# perte connection wifi



## fragelrock (10 Février 2008)

hello
depuis que j'ai changé mon powerbookG4 1ghz contre un macbook pro 15 pouces 1,83ghz ( un peu plus récent)j'ai des pb de connection à ma freebox en wifi
c'est une version free HD qui fonctionnait sans pb sur mon vieux powerbook G4 pendant plusieurs mois avec un réseau wifi simple et stable
je n'ai donc pas modifié le réseau wifi sécurisé et en surfant j'ai l'impression que le DHCP déconne..perte de adresse IP sur mon macbook pro

ça vient de ma carte airport? de la free?
Par contre étrangement je peux rester 4 sur skype ou ichat pas de déconnec..

kezako?
:mouais:


----------



## fragelrock (11 Février 2008)

personne?
help:rose:


----------



## patple (11 Février 2008)

fragelrock a dit:


> hello
> depuis que j'ai changé mon powerbookG4 1ghz contre un macbook pro 15 pouces 1,83ghz ( un peu plus récent)j'ai des pb de connection à ma freebox en wifi
> c'est une version free HD qui fonctionnait sans pb sur mon vieux powerbook G4 pendant plusieurs mois avec un réseau wifi simple et stable
> je n'ai donc pas modifié le réseau wifi sécurisé et en surfant j'ai l'impression que le DHCP déconne..perte de adresse IP sur mon macbook pro
> ...



Pour ma part je ne viens pas de changer d'ordi mais juste de recevoir ma Freebox HD V5. J'ai connecté par câble ethernet le boîtier ADSL à mon MBP et configuré un nouveau réseau pour accéder à nouveau à Internet.
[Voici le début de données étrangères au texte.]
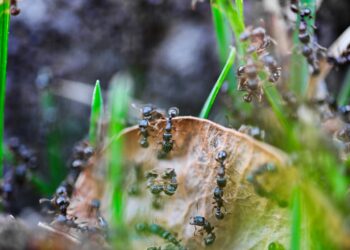 Ameisen im Rasen – Tipps & Tricks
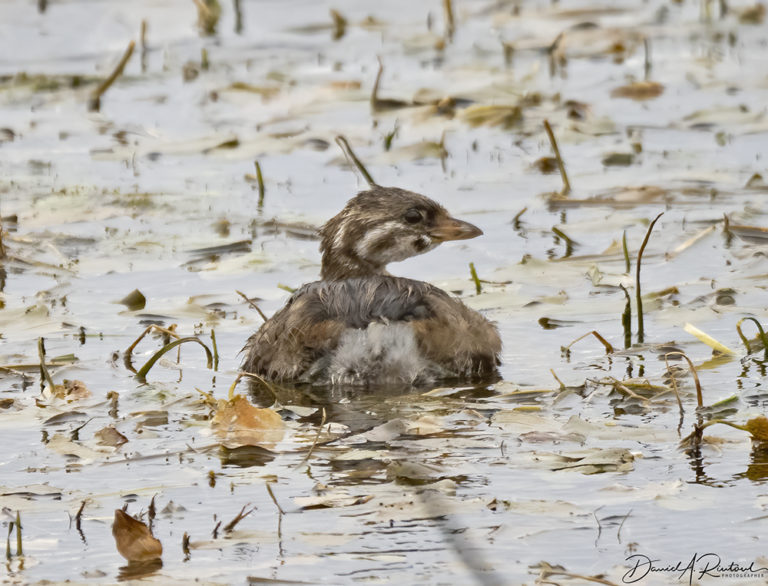 On The Road - Albatrossity - October in the Sandhills #2 8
Ensuite, sur le site Free, j'ai activé les fonctionnalités wifi et tout fonctionne. J'ai aussi connecté une borne Airport Express au boîtier ADSL et mon iMac qui est dans une autre pièce se sert de l'ancien réseau. Les deux réseaux cohabitent sans problème.


----------



## djm (11 Février 2008)

Possible que ta freebox cafouille dans les adresses MAC (matériel) entre ton powerbook et ton macbook pro. Mais je n'ai pas de freebox , ce n'est qu'une supposition.


----------



## fragelrock (12 Février 2008)

OK merci donc vous me conseiller de créer un nouveau réseau wifi via l'interface de la freebox?


----------



## fragelrock (19 Février 2008)

j'ai modifier et créer un nouveau réseau sur l'interface de la freebox pour éviter le cafouillage entre mon ancien powerbookG4

mais tjs pareil : des déconnections aléatoires 

c'est une freebox HD 

je devrais configurer un réseau en connectant sur mon mbp en filaire d'abord?
en tout cas c'est un windows XP qui est connecté en filaire sur la free...le mac est dans l'autre pièce via aiport...


----------



## gwena (19 Février 2008)

tu es sur d'avoir activé le mode routeur?


----------



## Vicente39 (19 Février 2008)

Clique sur Menu Airport>Join Other Network>Enter manually Network name> Select WEP Hex as Security>Enter Password (wrote under freebox). It should work. Si ce n'est pas le cas, contacter Free afin qu'il debloque momentanement la securite de la Freebox. Et la, tu pourras constater si tu souci vient de la freebox ou de l'ordi.


----------



## fragelrock (20 Février 2008)

oui le mode routeur est OK sur l'interface de la free
oui j'ai mis les bonnes options


en regardant de près mon adresse IP change toutes les 2 mn c pour ça perte de connection du net mais pas du réseau 
ça vient du DHCP non?? 

sinon pour configurer un réseau wifi je dois obligatoirement connecté en filaire d'abord?
tous ce fait sur free.fr


----------



## fragelrock (20 Février 2008)

je viens de reconfigurer un nouveau réseau en filaire avec une clé max sécurité généré sur free.fr
j'ai choisi mon adresse IP, reboot la free...etc..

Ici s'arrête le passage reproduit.